ThinkProgress
By Ian Millhiser
November 16, 2015
More
than half a dozen state governors have come out against President
Obama’s plans to relocate several thousand Syrian refugees within the
United States. Some have pledged
to actively resist settlement of these refugees. Texas Gov. Greg Abbott
(R), for example, signed a letter to Obama that begins “as governor of
Texas, I write to inform you that the State of Texas will not accept any
refugees from Syria in the wake of the deadly
terrorist attack in Paris.” Louisiana Gov. Bobby Jindal (R) issued an
executive order instructing all “departments, budget units, agencies,
offices, entities, and officers of the executive branch of the State of
Louisiana” to “utilize all lawful means to prevent
the resettlement of Syrian refugees in the State of Louisiana while
this Order is in effect.”
The
problem for Jindal, Abbott and the other governors opposed to admitting
refugees, however, is that there is no lawful means that permits a
state government to dictate
immigration policy to the president in this way. As the Supreme Court
explained in Hines v. Davidowitz, “the supremacy of the national power
in the general field of foreign affairs, including power over
immigration, naturalization and deportation, is made
clear by the Constitution.” States do not get to overrule the federal
government on matters such as this one.
Just
in case there is any doubt, President Obama has explicit statutory
authorization to accept foreign refugees into the United States. Under
the Refugee Act of 1980,
the president may admit refugees who face “persecution or a
well-founded fear of persecution on account of race, religion,
nationality, membership in a particular social group, or political
opinion” into the United States, and the president’s power to do so
is particularly robust if they determine that an “unforeseen emergency
refugee situation” such as the Syrian refugee crisis exists.
This
power to admit refugees fits within the scheme of “broad discretion
exercised by immigration officials” that the Supreme Court recognized in
its most recent major
immigration case, Arizona v. United States. Indeed, in describing the
executive branch’s broad authority to make discretionary calls regarding
immigration matters, Arizona seemed to explicitly contemplate the
circumstances that face President Obama today.
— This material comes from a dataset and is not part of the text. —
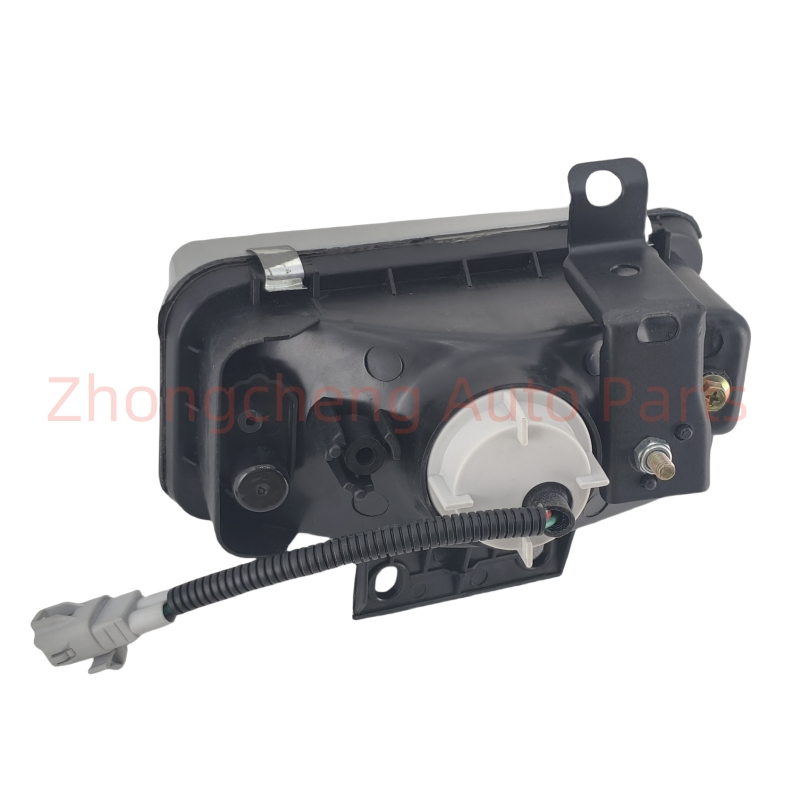 Противотуманная фара для грузовика Isuzu, 24V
The United States may wish to allow a foreign national to remain within
its borders, the Court explained, because the individual’s home nation
“may be mired in civil war, complicit in political persecution, or
enduring conditions that create a real risk that
the alien or his family will be harmed upon return.”
Moreover,
the Court explained, America could suffer severe foreign policy
consequences if the executive does not enjoy broad discretion over
immigration matters. “The
dynamic nature of relations with other countries,” Justice Anthony
Kennedy explained in his opinion for the Court in Arizona, “requires the
Executive Branch to ensure that enforcement policies are consistent
with this Nation’s foreign policy with respect to
these and other realities.”
Hines
offered a similar warning about the close tie between immigration and
foreign relations, explaining that immigration policy must be set by the
national government
and not by 50 different state governors because the entire United
States can suffer when a foreign nation reacts adversely to our
treatment of immigrants. “Experience has shown that international
controversies of the gravest moment, sometimes even leading
to war,” Justice Hugo Black wrote in his 1941 opinion for the Court,
“may arise from real or imagined wrongs to another’s subjects inflicted,
or permitted, by a government.” Thus, the Court concluded, “the
regulation of aliens is so intimately blended and
intertwined with responsibilities of the national government that where
it acts, and the state also acts on the same subject, ‘the act of
congress, or the treaty, is supreme; and the law of the state, though
enacted in the exercise of powers not controverted,
must yield to it.'”
To
be clear, states still retain the power to deny their own resources to
the federal government, so they could potentially make settlement of
refugees more difficult
than it would be if the states cooperated. Nevertheless, an act of
Congress — the Refugee Act of 1980 — has given Obama broad discretion to
allow refugees to be admitted into the United States. The states of
Texas, Louisiana and others must yield to that act.